Voter Verified appears to bring to an end the monolithic, single-issue approach to issue preclusion for invalidity previously applied by some district courts. Under the logic of that decision, and consistent with other patent law principles, application of collateral estoppel to invalidity should be more narrowly focused on the particular challenges actually litigated in the prior case.

[1] Evonik Degussa GmbH v. Materia, Inc., 53 F. Supp. 3d 778, 794 (D. Del. 2014).

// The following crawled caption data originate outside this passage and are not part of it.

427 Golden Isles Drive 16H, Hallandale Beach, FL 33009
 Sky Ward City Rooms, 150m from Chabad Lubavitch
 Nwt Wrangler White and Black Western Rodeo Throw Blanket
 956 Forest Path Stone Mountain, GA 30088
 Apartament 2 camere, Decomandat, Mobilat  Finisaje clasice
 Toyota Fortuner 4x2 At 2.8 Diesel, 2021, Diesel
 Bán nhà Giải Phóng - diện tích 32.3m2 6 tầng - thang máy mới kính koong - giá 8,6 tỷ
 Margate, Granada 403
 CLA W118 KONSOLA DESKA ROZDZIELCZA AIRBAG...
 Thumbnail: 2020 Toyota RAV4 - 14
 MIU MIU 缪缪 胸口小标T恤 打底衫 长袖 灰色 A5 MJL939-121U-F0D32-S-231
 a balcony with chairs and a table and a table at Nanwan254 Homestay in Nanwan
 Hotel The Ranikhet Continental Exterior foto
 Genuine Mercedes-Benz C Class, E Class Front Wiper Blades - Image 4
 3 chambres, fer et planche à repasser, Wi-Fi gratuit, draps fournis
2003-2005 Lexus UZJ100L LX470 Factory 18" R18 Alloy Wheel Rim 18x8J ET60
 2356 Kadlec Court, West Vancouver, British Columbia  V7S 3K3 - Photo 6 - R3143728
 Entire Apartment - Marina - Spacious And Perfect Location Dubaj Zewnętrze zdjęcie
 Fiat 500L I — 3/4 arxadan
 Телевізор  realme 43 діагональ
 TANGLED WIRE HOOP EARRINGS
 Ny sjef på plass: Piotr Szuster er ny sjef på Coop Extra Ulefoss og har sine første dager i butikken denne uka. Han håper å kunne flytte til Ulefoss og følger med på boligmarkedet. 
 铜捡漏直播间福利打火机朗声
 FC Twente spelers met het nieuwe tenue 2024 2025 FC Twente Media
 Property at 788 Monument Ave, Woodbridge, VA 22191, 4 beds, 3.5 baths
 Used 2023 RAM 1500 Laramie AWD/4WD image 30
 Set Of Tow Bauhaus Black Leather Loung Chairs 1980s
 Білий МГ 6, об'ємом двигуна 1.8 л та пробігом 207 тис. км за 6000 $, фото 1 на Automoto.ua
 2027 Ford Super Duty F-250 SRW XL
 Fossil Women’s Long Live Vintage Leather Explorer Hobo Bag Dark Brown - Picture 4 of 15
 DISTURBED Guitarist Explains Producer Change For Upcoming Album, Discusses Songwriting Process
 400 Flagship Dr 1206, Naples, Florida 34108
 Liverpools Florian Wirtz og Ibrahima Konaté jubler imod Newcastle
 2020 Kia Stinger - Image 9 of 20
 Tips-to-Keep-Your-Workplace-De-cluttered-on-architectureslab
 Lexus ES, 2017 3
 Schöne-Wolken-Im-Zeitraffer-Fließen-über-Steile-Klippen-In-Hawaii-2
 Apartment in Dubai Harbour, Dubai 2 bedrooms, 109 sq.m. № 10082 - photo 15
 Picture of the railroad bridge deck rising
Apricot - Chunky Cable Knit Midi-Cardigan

[2] See, e.g., Applied Medical Resources Corp. v. U.S. Surgical Corp., 352 F. Supp. 2d 1119, 1126 (C.D. Cal. 2005) (“[V]alidity, in the patent context, is a single issue for purposes of collateral estoppel.”); Zip Dee, Inc. v. Dometic Corp., 905 F. Supp. 535, 537-38 (N.D. Ill. 1995) (applying collateral estoppel to preclude defendant from asserting two invalidity defenses it did not asserted in the earlier suit); Pall Corp. v. Fisher Scientific Co., 962 F. Supp. 210, 213 (D. Mass. 1997) (stating that “it is the entire issue [of invalidity] that is precluded, not just the particular arguments raised in support of it in the first case”); Crossroads Systems (Texas), Inc. v. Dot Hill Sys. Corp., 2006 WL 1544621, at *5 (W.D. Tex. 2006) (“[T]he ‘issue’ to be given issue-preclusive effect to a judgment in the patent context is the ultimate determination on patent validity itself, not the sub-issues or the individual pieces of evidence and arguments that may have been necessary to support the validity determination.”).
[3] Evonik, 53 F. Supp. 3d at 794 n.20.
[4] Taser Int’l, Inc. v. Karbon Arms, LLC, 6 F. Supp. 3d 510, 519 (D. Del. 2013).
[5] Id.
[6] 887 F.3d at 1379.
[7] Id. at 1380.
[8] Voter Verified Inc. v. Election Sys. & Software LLC, 2017 WL 3688148, at *2 (N.D. Fla. Mar. 21, 2017).
[9] Voter Verified, 887 F.3d at 1382-83.
[10] Id.
[11] See, e.g., Voter Verified, Inc. v. Premier Election Sols., Inc., 698 F.3d 1374, 1383 n.3 (Fed. Cir. 2012) (“The Defendants did offer anticipation arguments as to claim 56, but the district court rejected those arguments.”).
[12] See, e.g., Ball Aerosol & Specialty Container, Inc. v. Ltd. Brands, Inc., 555 F.3d 984, 994 (Fed. Cir. 2009) (courts “do not declare patents to be valid[; they] … only declare that they have not been proved to be invalid …”); Durango Assocs., Inc. v. Reflange, Inc., 843 F.2d 1349, 1356 n.4 (Fed. Cir. 1988) (“A patent should not be declared ‘valid’ by a court because other challengers may be able to prove invalidity using different evidence.”); Shelcore, Inc. v. Durham Indus., Inc., 745 F.2d 621, 627 (Fed. Cir. 1984) (“A patent is not held valid for all purposes, but, rather, not invalid on the record before the court.”).